L’absence de formation et les interventions auprès d’autres entreprises suffisaient-elles à caractériser l’existence d’un contrat de travail ? 

Dans son arrêt du 7 juillet 2015, la Cour de cassation vient confirmer l’analyse de la Cour d’appel qui ayant constaté que Mr X « avait accompli pendant toute la durée de la convention des prestations de travail relevant d’un emploi normal sans recevoir la formation que la société s’était engagée à lui fournir, en a exactement déduit l’existence d’un contrat de travail ». La rupture des relations contractuelles à l’issue de la convention produisait donc les effets d’un licenciement sans cause réelle et sérieuse. 

 

L’accomplissement de prestations en l’absence de formation… 

L’essence même d’une AFPE est de permettre à un demandeur d’emploi d’acquérir les compétences professionnelles nécessaires pour occuper l’emploi proposé. Dans ce cadre, la formation que doit délivrer l’employeur est une condition indispensable à la prise en charge financière des Assédics. L’employeur s’engage en outre, à embaucher le stagiaire à l’issue de la période de formation s’il a acquis le niveau requis. Comment alors reprocher au stagiaire de ne pas l’avoir atteint et mettre un terme au contrat si, sur la période dite de formation, ce dernier ne s’en est vu dispenser aucune ? 

En l’espèce, le stagiaire n’a bénéficié d’aucune action de formation de la part de l’employeur. Ce dernier, incapable de fournir un plan ou calendrier de formation, a tenté d’établir la réalité de la formation du stagiaire au métier d’analyste formateur-programmateur en produisant une attestation d’un autre salarié déclarant avoir formé celui-ci à divers outils informatiques.  

Ce qui semble bien insuffisant au regard des nombreuses fiches d’interventions produites par le stagiaire et attestant qu’il a été amené, sur la période de formation, à exécuter diverses prestations auprès de clients. 

 

… conduit à la requalification en CDI 

°Certains contrats peuvent être requalifiés en contrat de travail quand une personne s’engage à travailler pour le compte et sous la direction d’une autre moyennant rémunération. L’existence d’un lien de subordination entre ces personnes est un indice laissant présumer que la relation qui les lie est en réalité un véritable contrat de travail. 

En l’espèce, les sociétés condamnées en tant qu’employeur reprochent aux juges du fond d’avoir reconnu l’existence d’un lien de subordination entre elles et le stagiaire et en conséquence celle d’un contrat de travail. Pour elles, le simple fait d’intervenir auprès de clients pour le compte de la société ne suffisait pas à caractériser un quelconque pourvoir de contrôle et de sanction à l’égard du stagiaire, il n’y avait donc aucun lien de subordination pendant la période dite de formation. 

 

Ce n’est pourtant pas ce qu’ont retenu les juges. 

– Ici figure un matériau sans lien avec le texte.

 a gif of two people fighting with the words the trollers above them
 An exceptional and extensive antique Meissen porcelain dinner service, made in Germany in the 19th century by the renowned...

En effet, outre l’absence totale de formation, le stagiaire prouve par la production de nombreuses fiches d’interventions portant son nom en tant qu’intervenant auprès de divers clients, qu’il a dès son embauche, et avant même le début de la période de formation, travaillé pour le compte de la société dans le cadre d’un lien de subordination. Considérant que pendant toute la durée de la période où il était censé être formé, il n’a fait qu’accomplir des prestations de travail relevant d’un emploi normal sans recevoir la formation que la société s’était engagée à lui fournir et qu’il existait par ailleurs un lien de subordination entre le stagiaire et les sociétés pour le compte desquelles il est intervenu, les juges ont justement retenu l’existence d’un véritable contrat de travail. 

Cet arrêt présente l’avantage d’une part de dissuader certains employeurs de recourir à ces dispositifs dans l’unique but de bénéficier d’aides financières, mais aussi de mettre l’accent sur l’importance donnée à la formation professionnelle, indispensable à l’employabilité des demandeurs d’emploi.